Set down again, exactly and only, the lines from the one that contains "Redwood inn & Suites Crosby" through the last line of the records below, both included, but not the pictures.

(Excerpted data Opens)

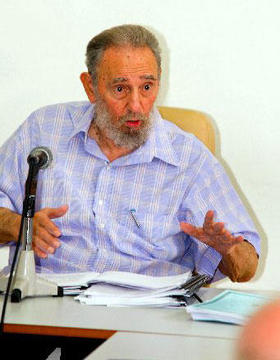Fidel Castro en el Centro de Investigaciones de la Economía Mundial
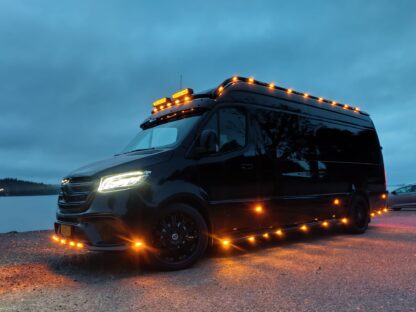 MB Sprinter musta kattovalorauta + kattoputket ledeillä ja tasovilkuilla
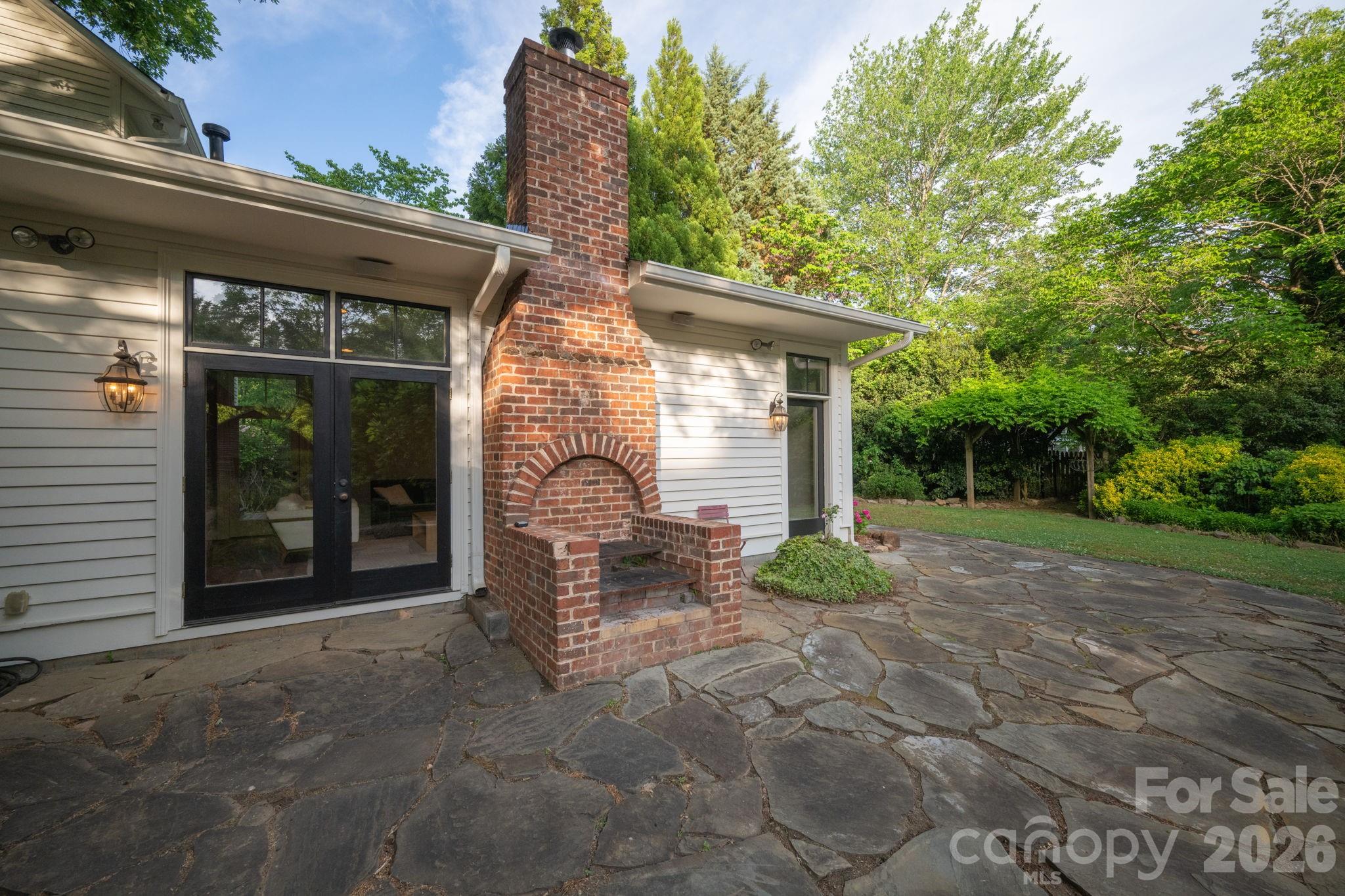 10915 Beatties Ford Road — Huntersville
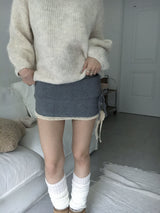 Gray lace knit skirt
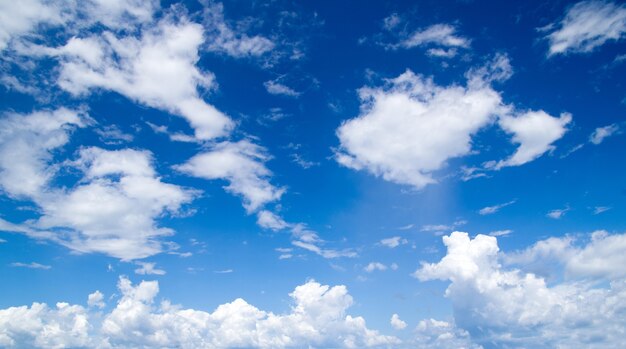 Cielo azul con nubes y sol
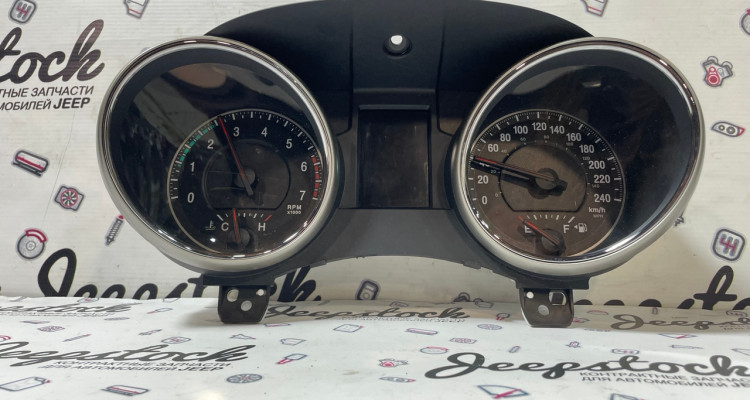  Щиток приборов 56046660AС Jeep Grand Cherokee WK2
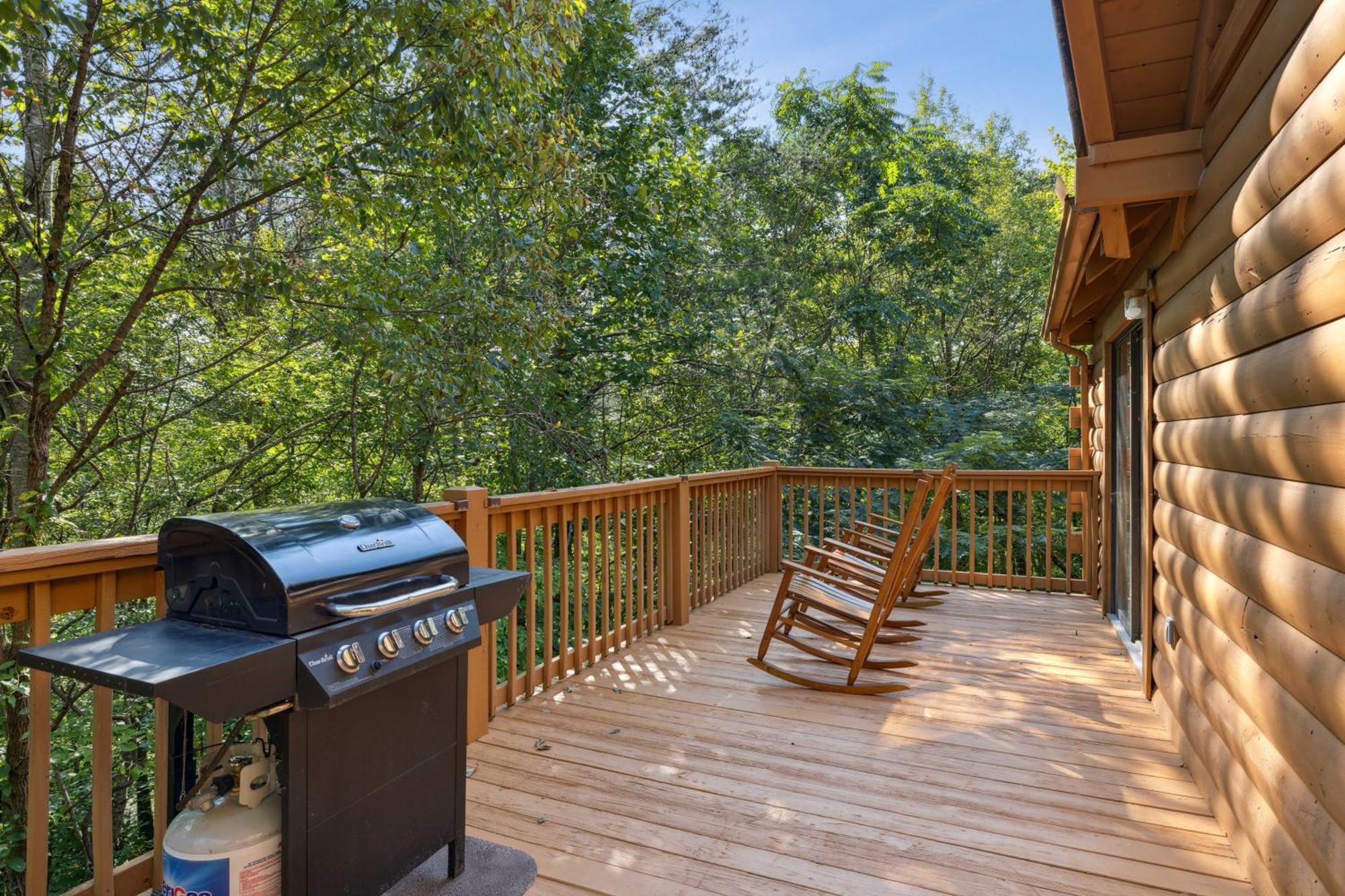1 Min To The Parkway Spacious Cabin W 3 Suites And Extra Bedroom! Pigeon Forge Eksteriør bilde
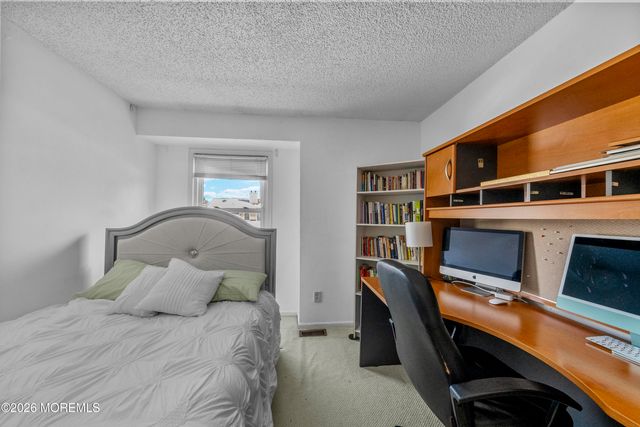 99 Woodmere Drive 705, Parlin, NJ 08859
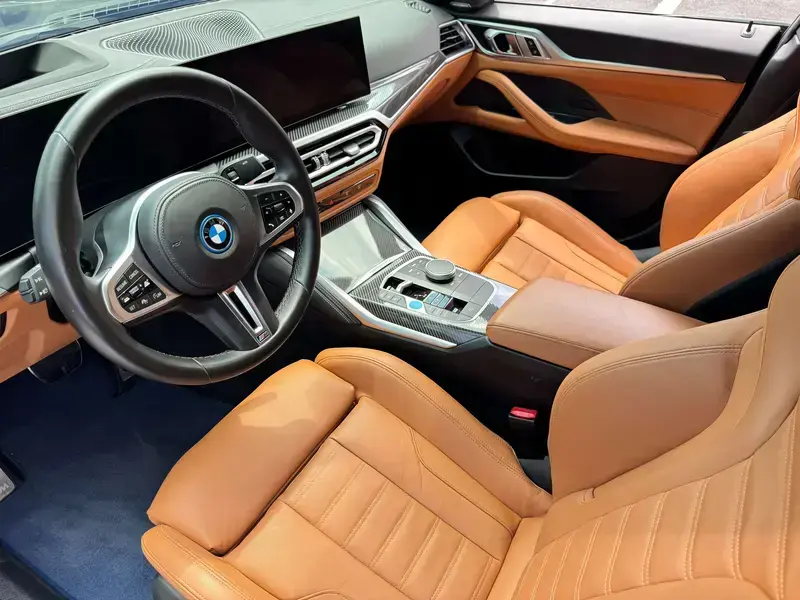 2022 BMW i4 с пробегом 23 500 км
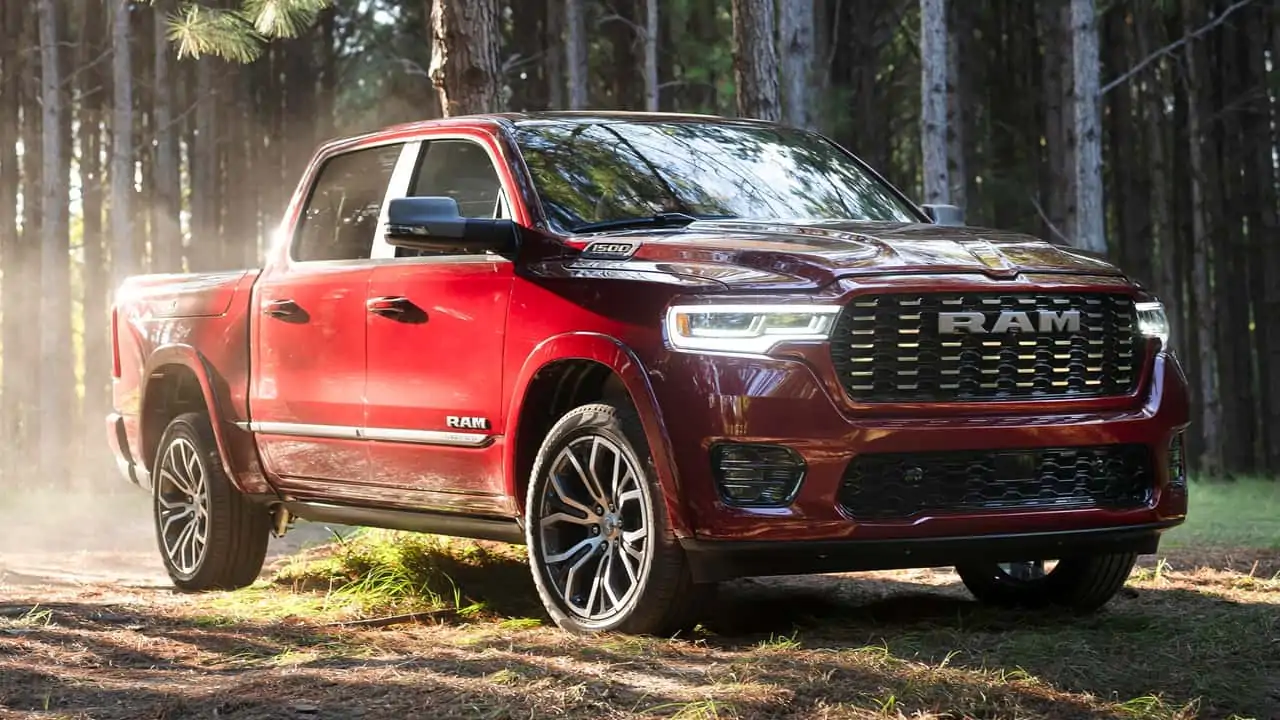 MPG-wise, the 2025 Ram 1500 High Output I6 is better than the Hemi V8 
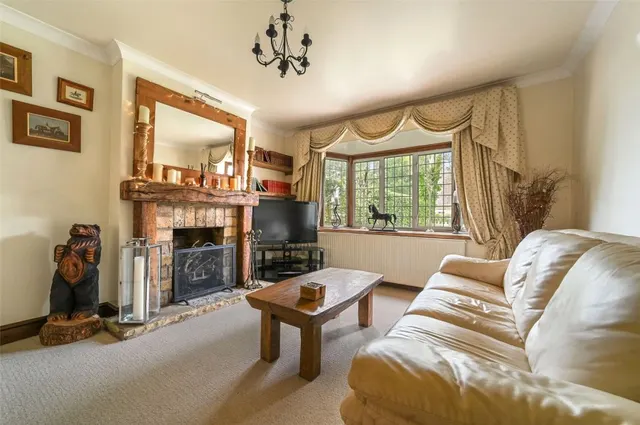 House Under Offer with 4 bedrooms in Sawbridgeworth, CM21, photo 3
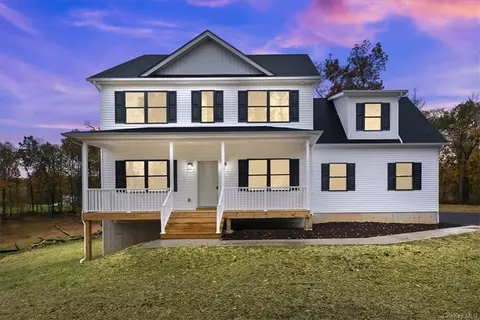 108 Elise Dr, Wallkill, NY 10941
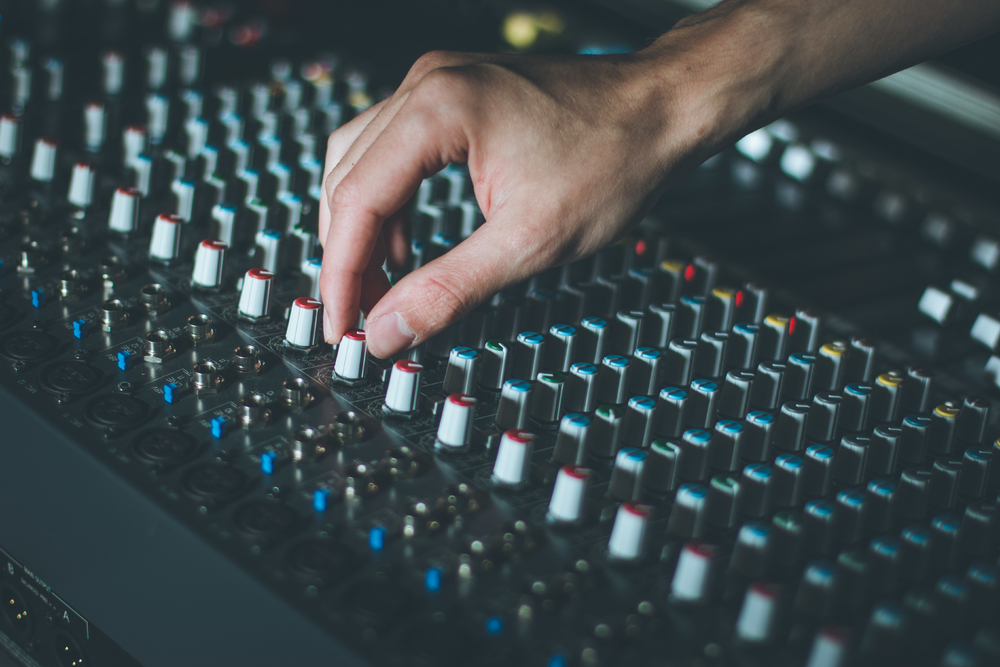 錄音室調(diào)音臺的專業(yè)音樂制作與攝影服務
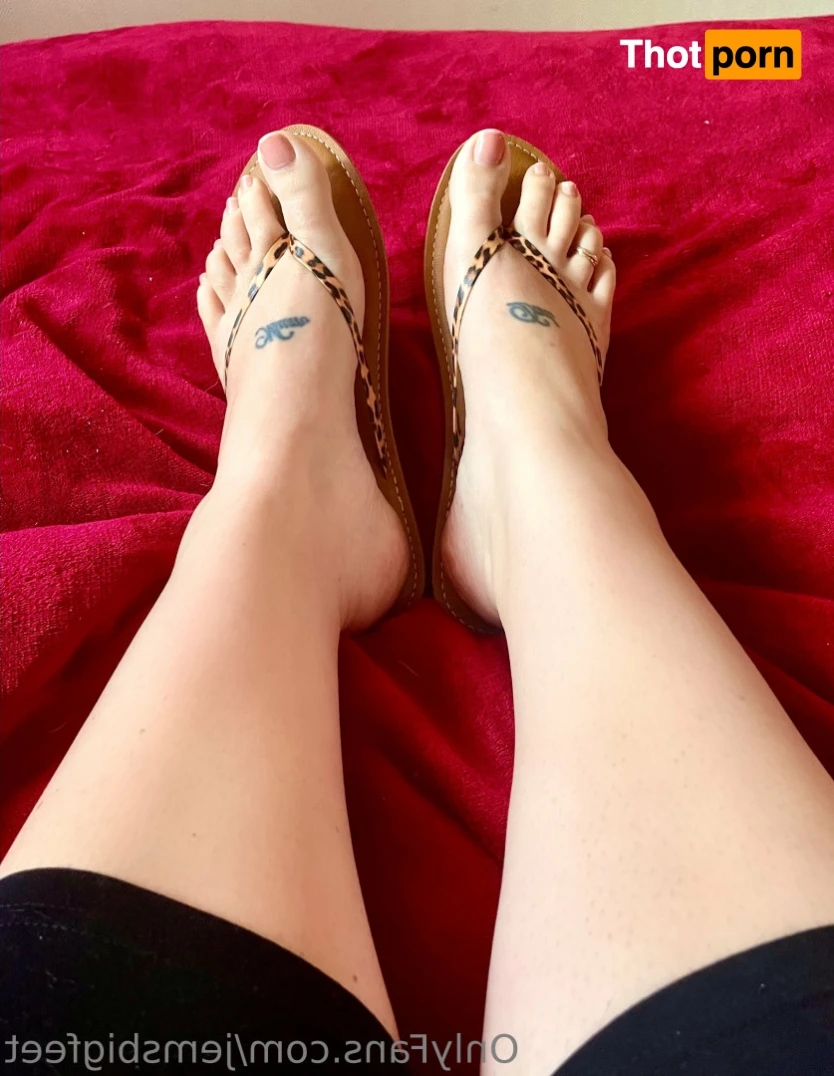 Jem’s feet 14635927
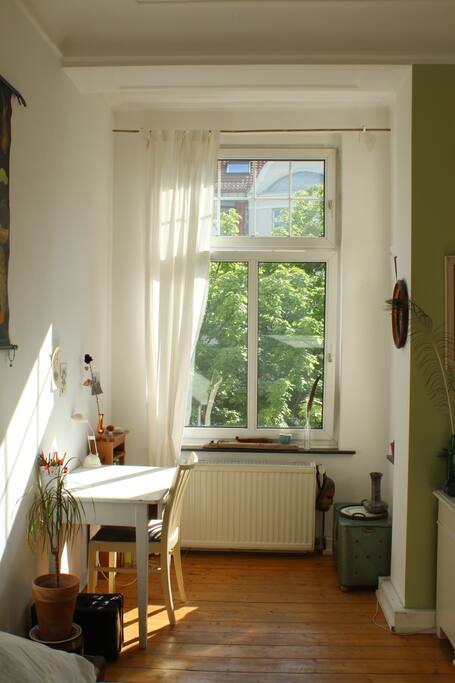 Ercker mit Schreibtisch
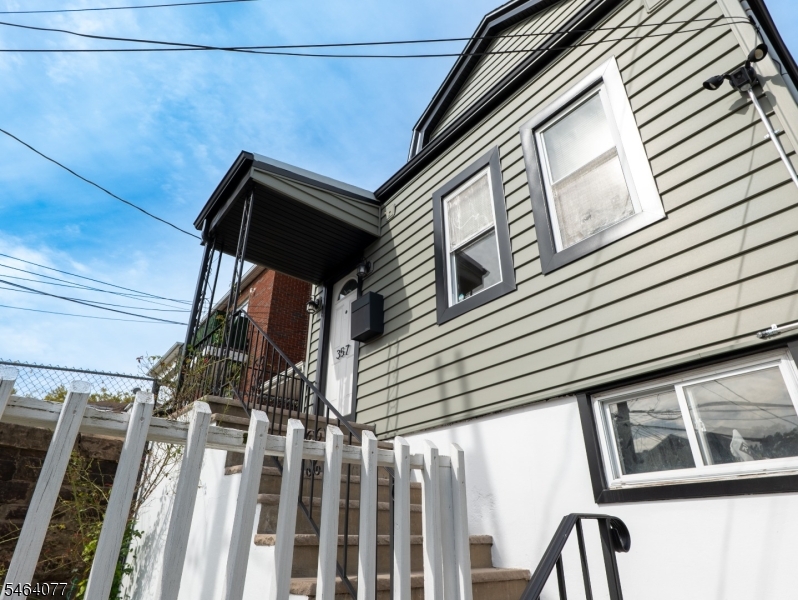 357 Ridgewood Avenue Newark, NJ 07112 - Photo 2 of 33 Gallery Image 2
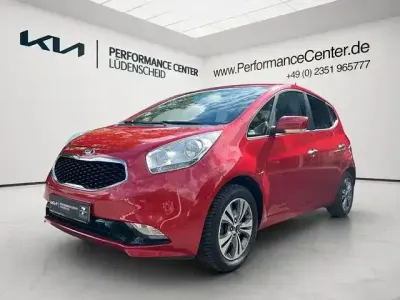 Gebraucht Kia Venga DREAM-TEAM Edition 90 PS (66 kW) 2017 Rot Kleinwagen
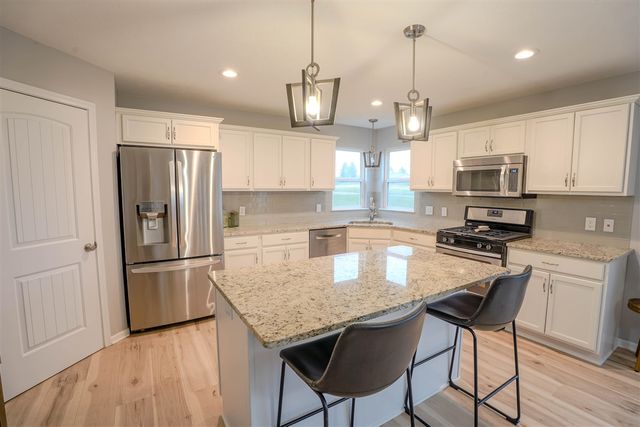 4145 Boulder View Drive, Belmont, MI 49306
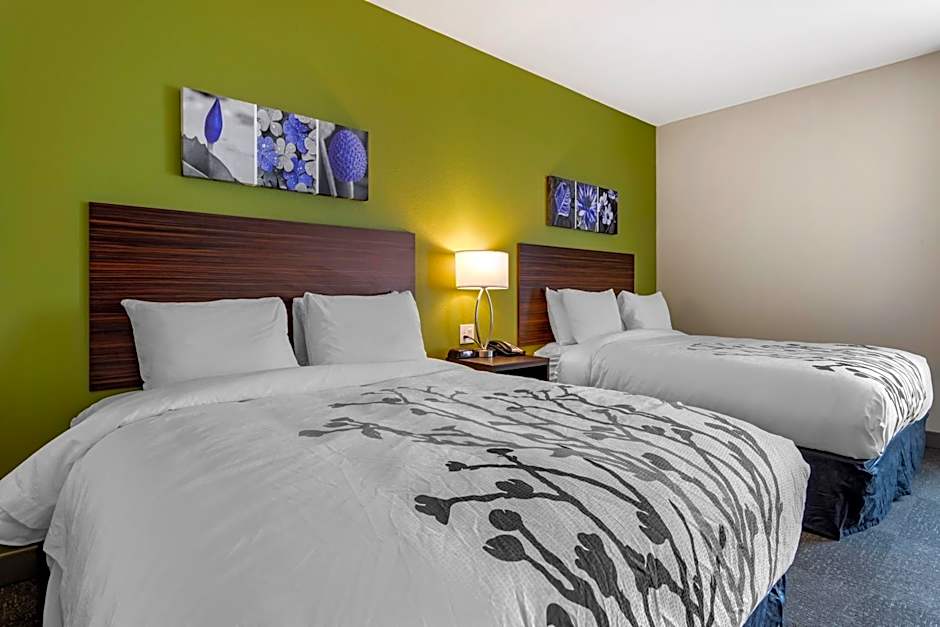 Redwood inn & Suites Crosby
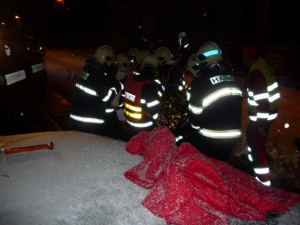 Octavie zůstala po nárazu napasovaná v tramvaji. Foto: HZSLK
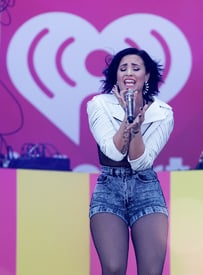 dlovato190915BZNimage16.jpg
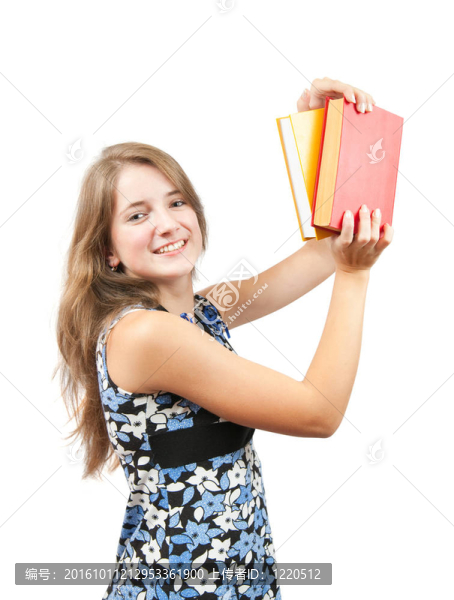 帶書的年輕女孩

(Excerpted data Closes)

◆ Answer to this exercise ◆
 Redwood inn & Suites Crosby
 Octavie zůstala po nárazu napasovaná v tramvaji. Foto: HZSLK
 dlovato190915BZNimage16.jpg
 帶書的年輕女孩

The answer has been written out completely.